Urs Jaeggi: Kunst ist überall

In der aktuellen Ausgabe der IDIOME fällt auf, daß es ausgerechnet zwei der ältesten Autoren sind, die in ihren Texten die Gattungsgrenzen souverän hinter sich lassen: Chris Bezzel und Urs Jaeggi. Die Jüngeren scheinen mit den Schubladen (wieder) besser zurechtzukommen. Es wäre so unangemessen wie sinnlos, Jaeggis Text „alles“ als eine Reihe von Gedichten oder als einen Prosatext fassen zu wollen. Mehr noch: Durch die Verwendung verschiedener Schriftgrößen, die Weise, wie Jaeggi teilweise einzelne Wörter isoliert und auf dem Papier verteilt, nähert sich sein Text der visuellen Poesie. Dazu hätten außerdem noch Graphiken treten können, die zwischen die einzelnen Textabschnitte placiert worden wären, auf deren Abdruck aber verzichtet werden mußte. Urs Jaeggis Kunst erkennt keine Grenzen an.

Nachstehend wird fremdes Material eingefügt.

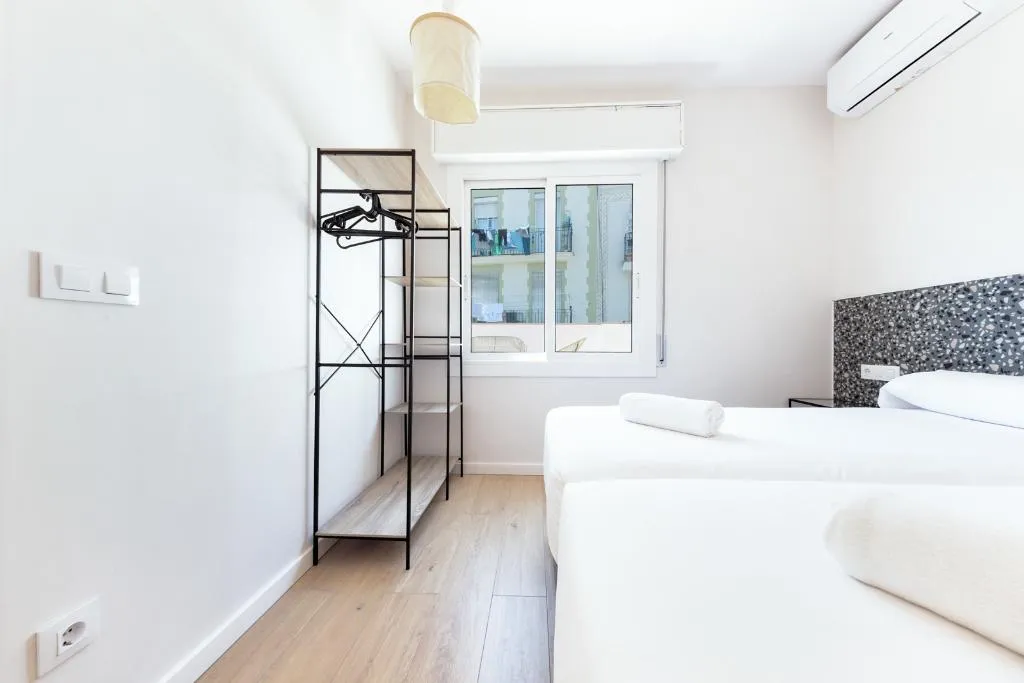 APARTMENT CAPACITY 5 Room, Ainb Barcelona Sants Apartments, Barcelona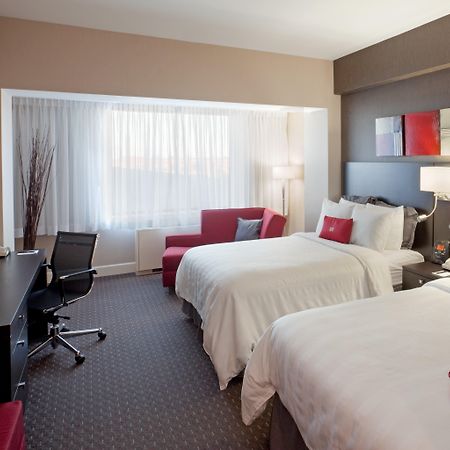 Armon Plaza Montreal Airpt, Trademark Collection By Wyndham Buitenkant foto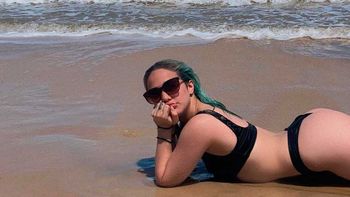 El destape de Ángela Torres en sus vacaciones en la playa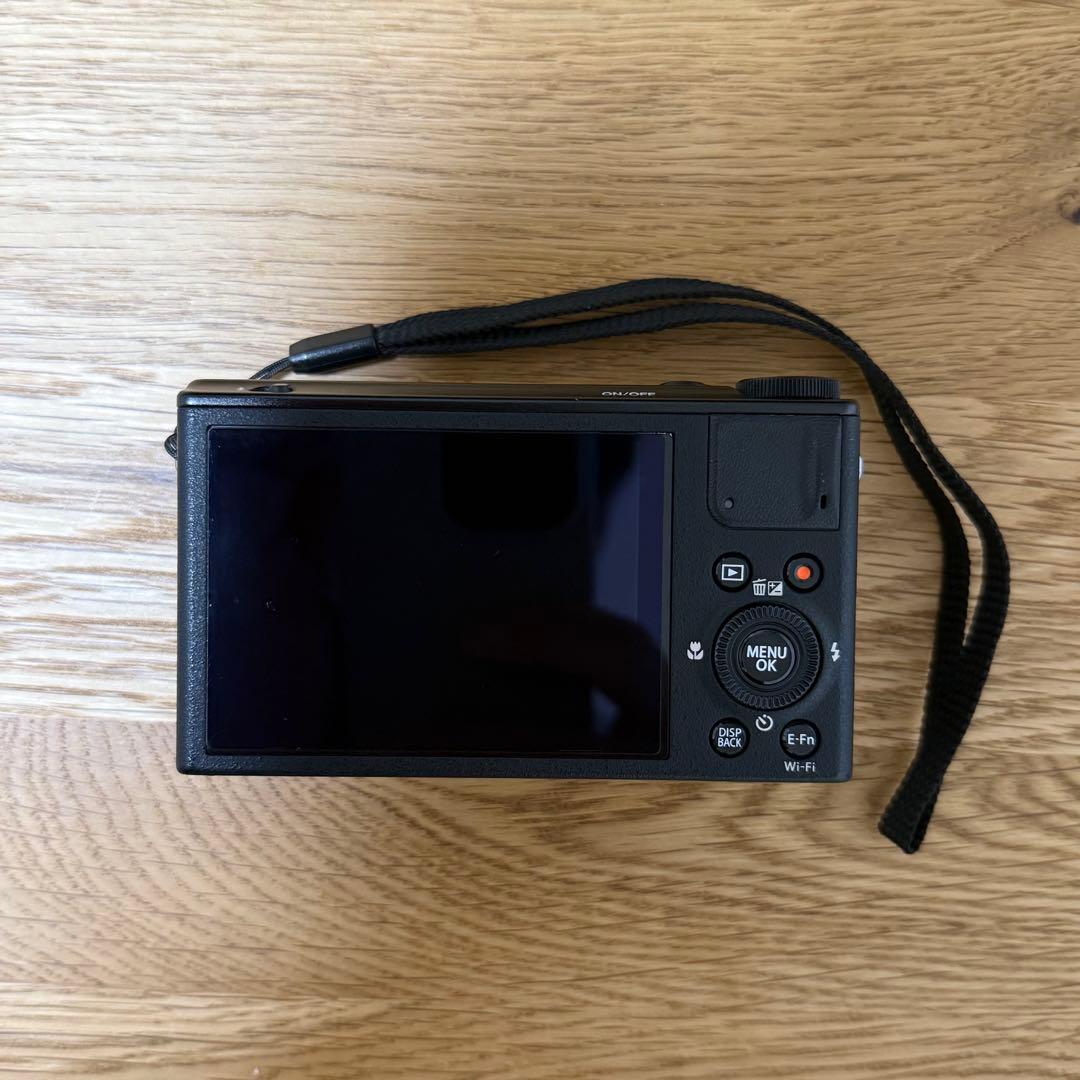 FUJIFILM 富士フィルム XQ2 コンパクトデジタルカメラ ブラック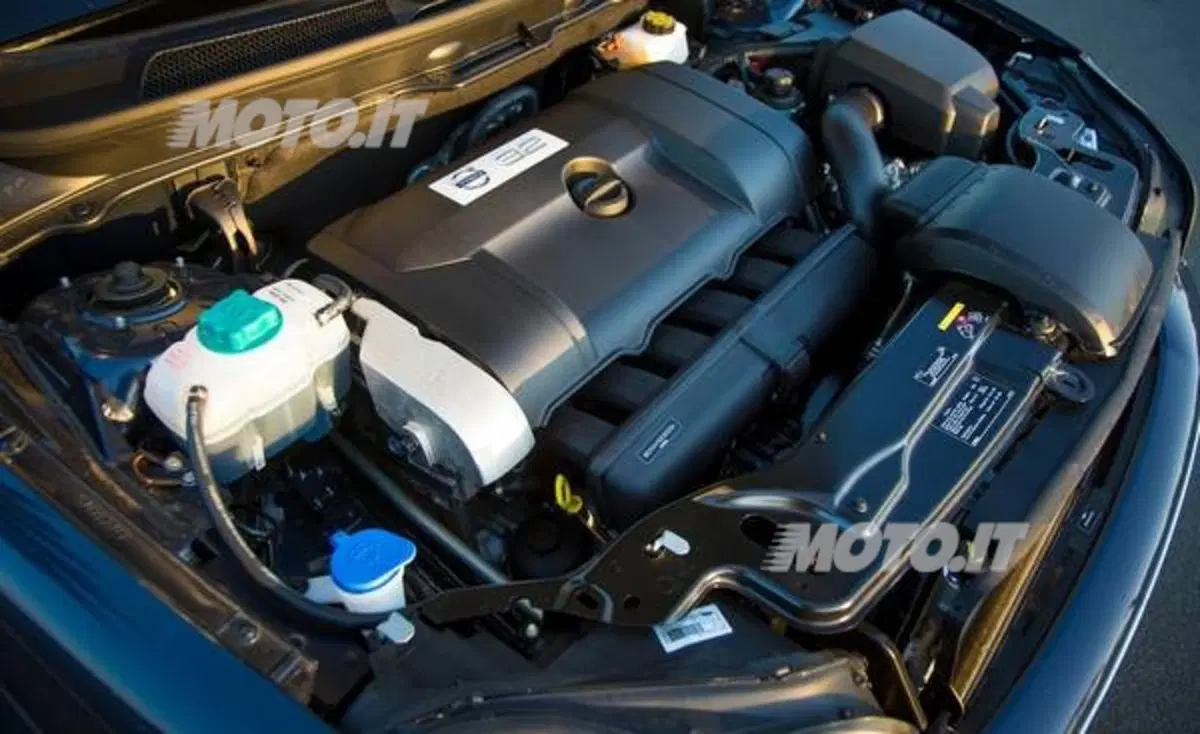 Volvo XC90: piccoli aggiornamenti stilistici in attesa della nuova versione (6)
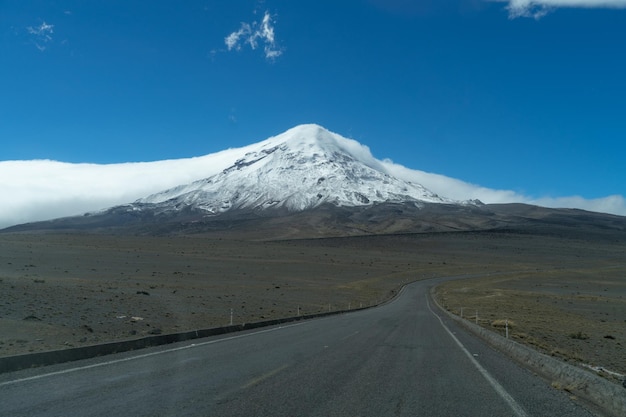 Photo le volcan chimborazo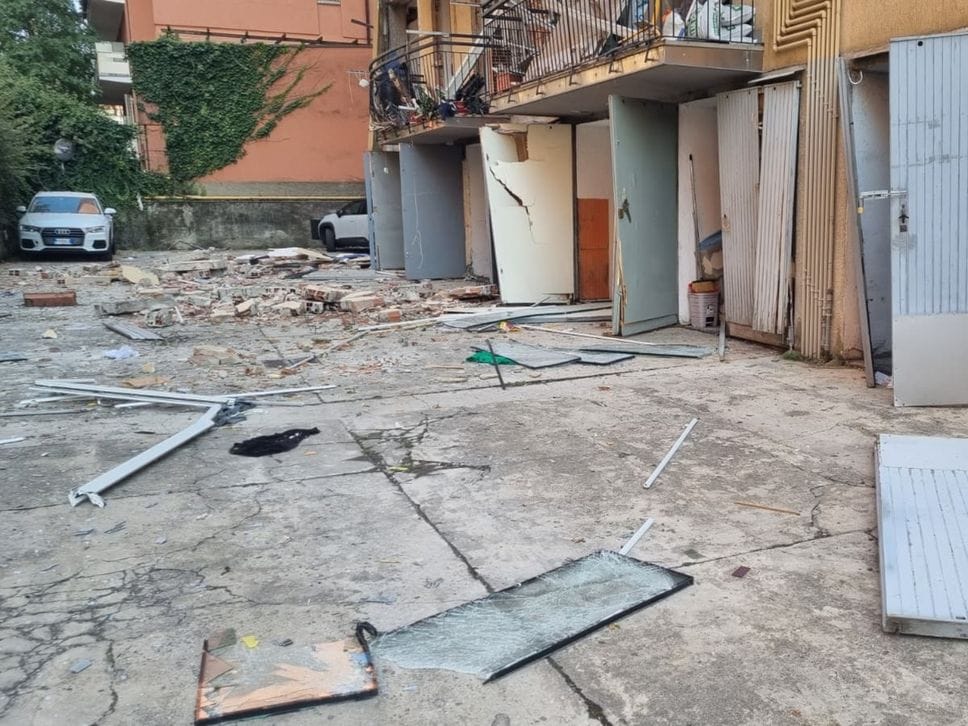 Esplosione di via Longo a Bergamo, il tubo del gas trovato staccato. Resta gravissima la coppia di inquilini - Le foto, il video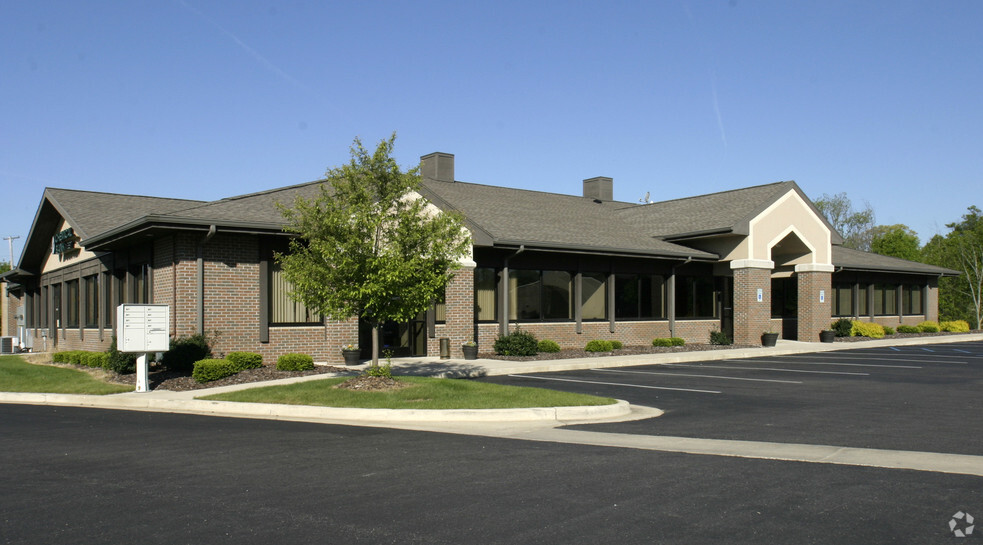 6011 W River Dr NE, Belmont, MI for lease - Building Photo - Image 3 of 7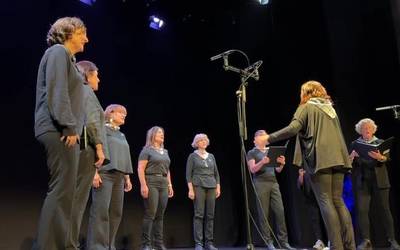 Otxoteekin, kanturako ohitura bizi-bizirik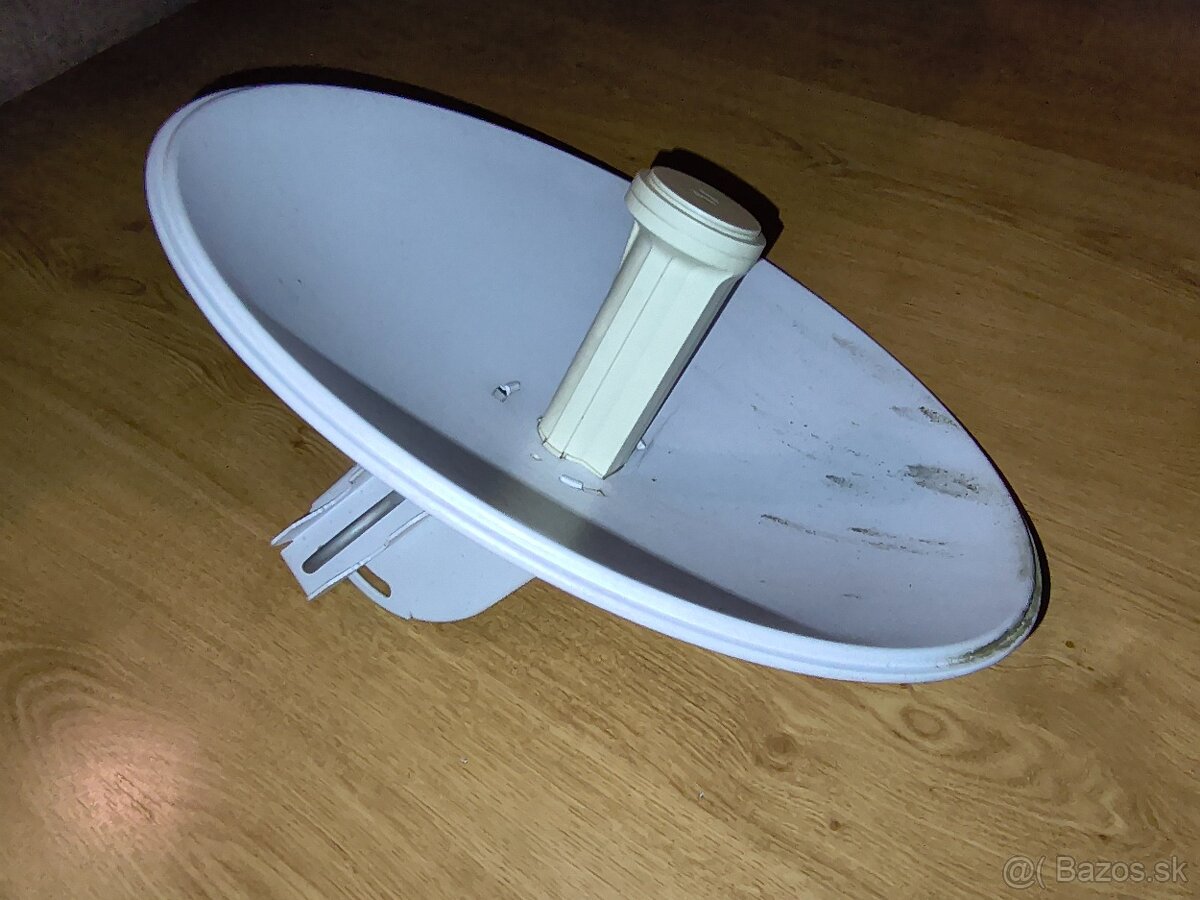 Ubiquiti PowerBeam M5-300 access point - 2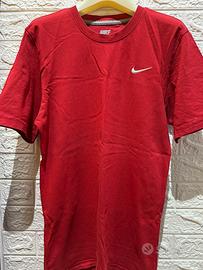 T-shirt Nike originale – colore rosso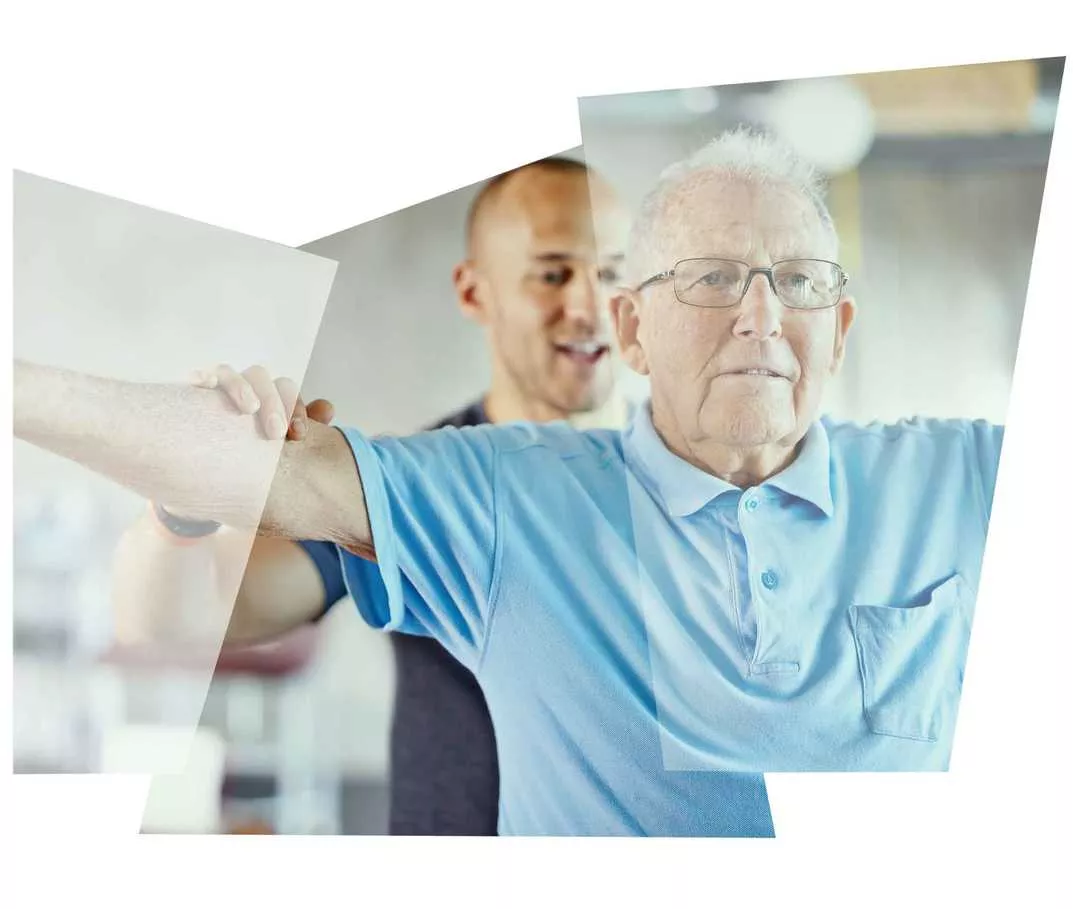 Ein älterer Mann bei der Gymnastik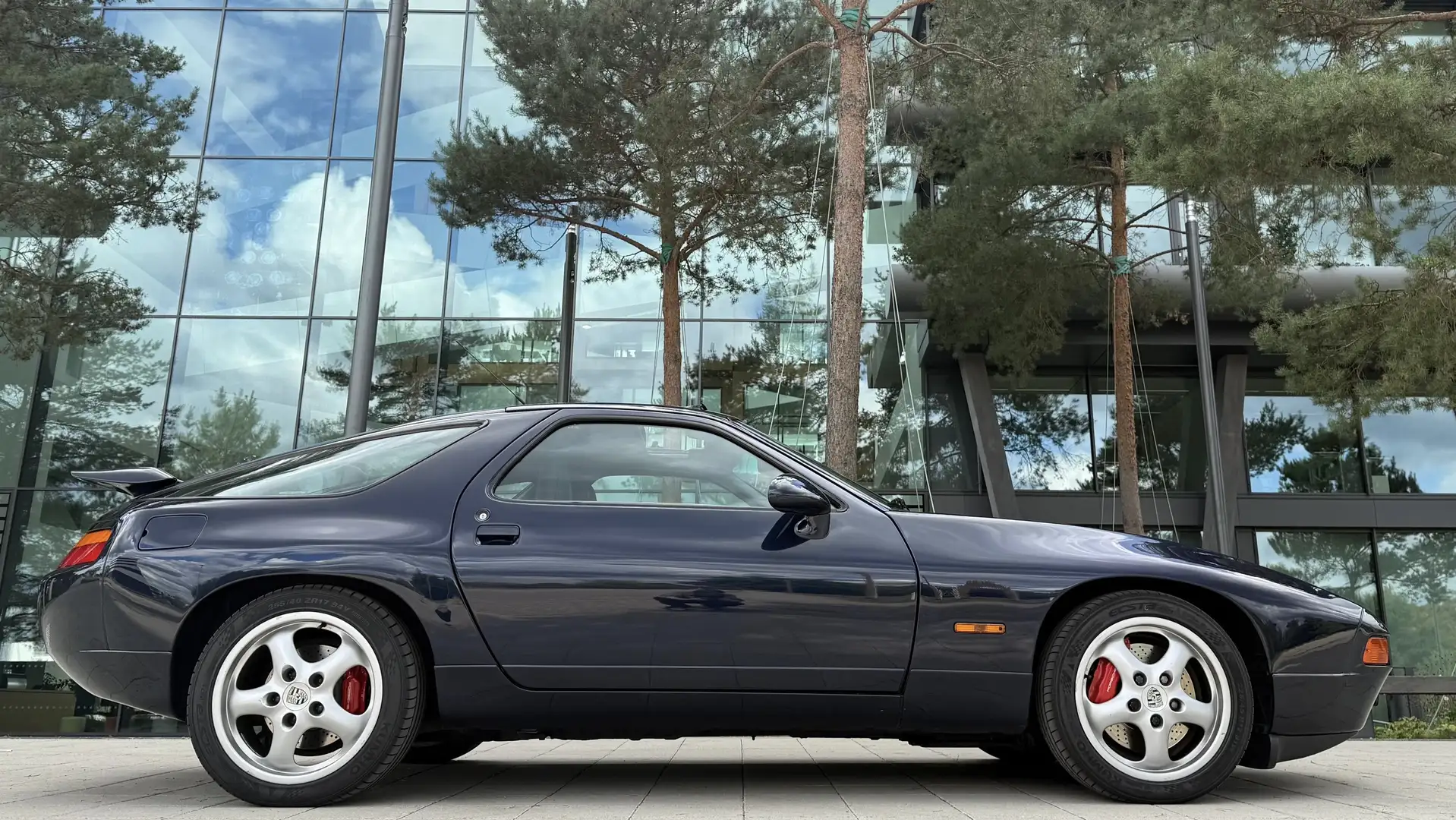 Porsche 928 Porsche 928 GTS -Blau/Blau - 95 letztes Baujahr Blau - 1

Was ich an Jaeggi besonders bewundere, ist seine mit den Jahren immer weiter zunehmende Experimentierlust. Zu beobachten ist doch meist der umgekehrte Weg, daß Autoren (von Peter Handke bis Michael Lentz) nach einer mehr oder weniger langen und konsequenten experimentellen Phase auf die Produktion von Marktkompatiblerem und Gediegenerem einschwenken. Ganz anders Urs Jaeggi: Mit Romanen wie Brandeis oder Grundrisse spielte er im westdeutschen Literaturbetrieb der siebziger und achtziger Jahre eine bedeutende Rolle – als Soziologieprofessor, dem sein Fach schon damals zu eng erschien. Nach seiner vorgezogenen Emeritierung begann er sich zur Verblüffung vieler mit ganzer Kraft der bildenden Kunst zuzuwenden. Aber auch der literarische Autor Jaeggi kehrte nach einigen Jahren wieder zurück: mit essayistischen Texten wie den in dem Band Kunst gesammelten und mit hybriden zwischen Lyrik und Prosa changierenden, die u.a. in der Grazer Literaturzeitschrift perspektive abgedruckt wurden und mit denen die Leser seiner Romane natürlich nichts anfangen konnten.

Mit einer Ausstellung anläßlich seines 80. Geburtstags ist Jaeggi jetzt ein gewaltiges Wagnis eingegangen: Er zeigt eine Art Retrospektive seiner letzten 20 Schaffensjahre als bildender Künstler in einem Teil der alten Malzfabrik in Berlin-Schöneberg, in dem sich seit der Stillegung nichts geändert zu haben scheint. Die Aura der Industriearchitektur muß auf jeden Künstler einschüchternd wirken, die meisten scheitern an solchen Orten. Jaeggi hingegen schafft es auf verblüffende Weise mit diesem Ort umzugehen und seine Arbeiten so zwischen den rostigen Rohren zu placieren, daß sich das Vorgefundene und das Hinzugefügte nicht bloß ergänzen, sondern eine Einheit bilden, ja stellenweise sogar zur Ununterscheidbarkeit verschmelzen, wenn er Fundstücke aus der Fabrik sozusagen als Kunstwerke adoptiert. Möglich ist das wahrscheinlich nur deshalb, weil seine Arbeiten so offen und unprätentiös sind – nicht saubere weiße Wände erheischend, sondern angelegt für eine Interaktionen mit den jeweiligen Kontexten. In Schöneberg geht das auf eine beglückende Weise auf. Daß die Retrospektive zum runden Geburtstag an einem Off-Ort und keinem renommierten Haus stattfindet, zeigt nur einmal mehr, daß Urs Jaeggi den Kunst- wie den Literaturbetrieb nach wie vor überfordert.